On 4 December 2012, we searched the Cochrane Neuromuscular Disease Group Specialized Register, CENTRAL (2012, issue 11 in the Cochrane Library), MEDLINE and EMBASE to December 2012 and ISI from January 1985 to May 2008. We searched for ongoing trials through two metaRegistries (World Health Organization International Clinical Trials Registry Platform Search Portal and Current Controlled Trials).

Selection criteria: 

We selected RCTs testing any dose of IVIg versus placebo, plasma exchange or corticosteroids in definite or probable CIDP.

Data collection and analysis: 

Two authors reviewed literature searches to identify potentially relevant RCTs, scored their quality and extracted data independently. We contacted authors for additional information.

Main results: 

We considered eight RCTs, including 332 participants, to be eligible for inclusion in the review. These trials were homogeneous and the overall risk of bias low. Five studies, in a total of 235 participants compared IVIg against placebo. One trial with 20 participants compared IVIg with plasma exchange, one trial compared IVIg with prednisolone in 32 participants, and one trial, newly included at this update, compared IVIg with intravenous methylprednisolone in 46 participants.

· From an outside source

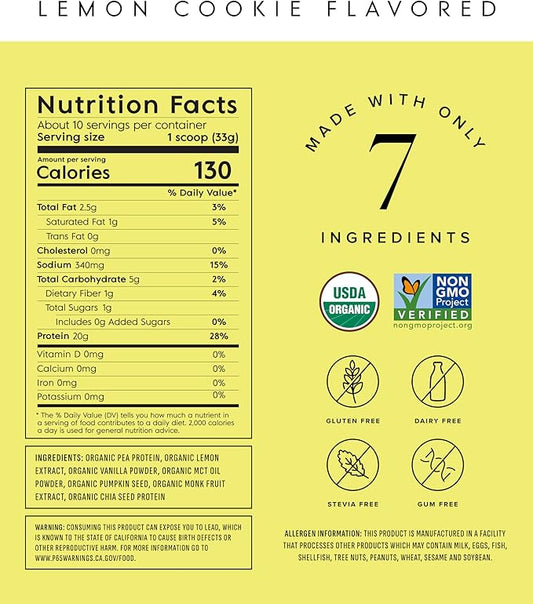 Truvani Vegan Pea Protein Powder | Lemon Cookie | 20g Organic Plant Based Protein | 10 Servings | Keto | Gluten & Dairy Free | Low Carb | No Added Sugar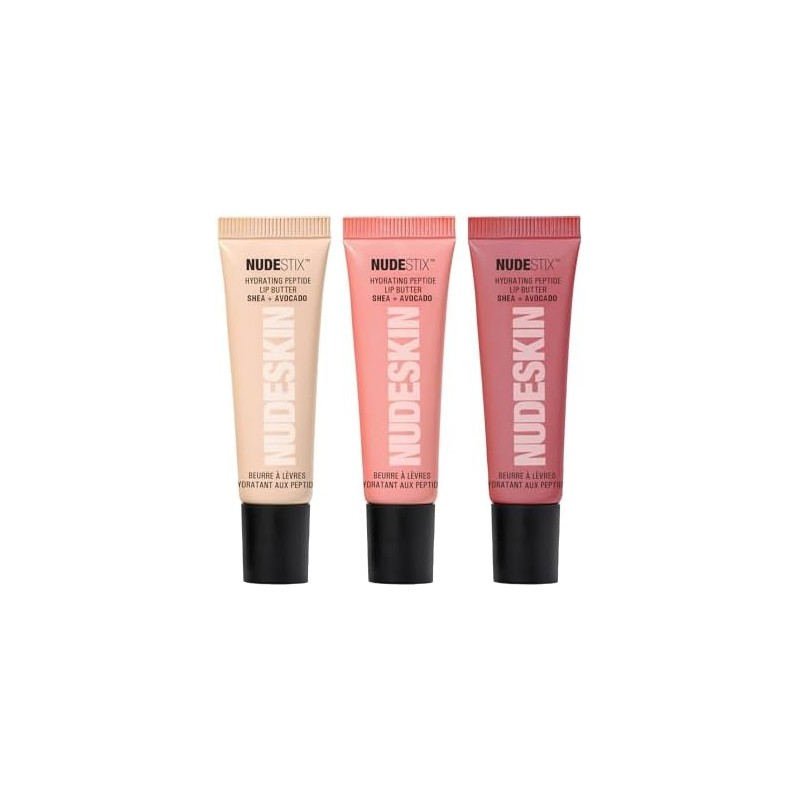 NUDESTIX Hydrating Peptide Lip Butter Tint Set – 3-Piece Glossy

A significantly higher proportion of participants improved in disability within one month after IVIg treatment as compared with placebo (risk ratio (RR) 2.40, 95% confidence interval (CI) 1.72 to 3.36; number needed to treat for an additional beneficial outcome 3.03 (95% CI 2.33 to 4.55), high quality evidence). Whether all these improvements are equally clinically relevant cannot be deduced from this analysis because each trial used different disability scales and definitions of significant improvement. In three trials, including 84 participants, the disability score could be transformed to the modified Rankin score, on which improvement of one point after IVIg treatment compared to placebo was barely significant (RR 2.40, 95% CI 0.98 to 5.83) (moderate quality evidence). Only one placebo-controlled study included in this review had a long-term follow-up. The results of this study suggest that IVIg improves disability more than placebo over 24 and 48 weeks.

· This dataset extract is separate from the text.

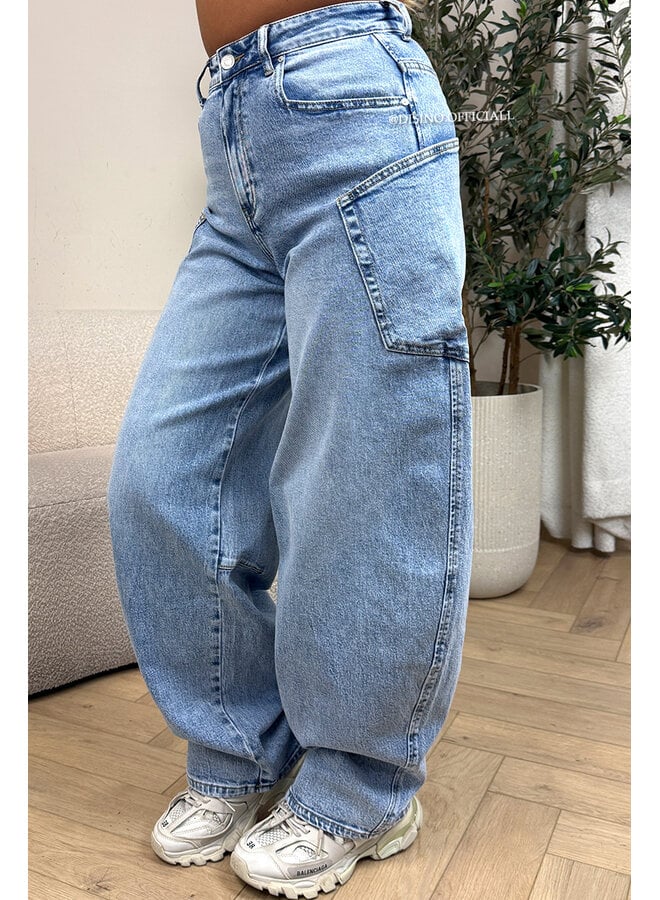 LIGHT BLUE - 'BALLOON CARGO JEANS' - STRETCH VIRAL BALLOON LEG JEANS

The mean disability score revealed no significant difference between IVIg and plasma exchange at six weeks (moderate quality evidence). There was no significant difference in improvement in disability on prednisolone compared with IVIg after two or six weeks, or on methylprednisolone compared to IVIg after two weeks or six months (moderate quality evidence).

There were no statistically significant differences in frequencies of side effects between the three types of treatment for which data were available (IVg versus placebo or steroids). (moderate or high quality evidence) Mild and transient adverse events were found in 49% of participants treated with IVIg, while serious adverse events were found in six per cent.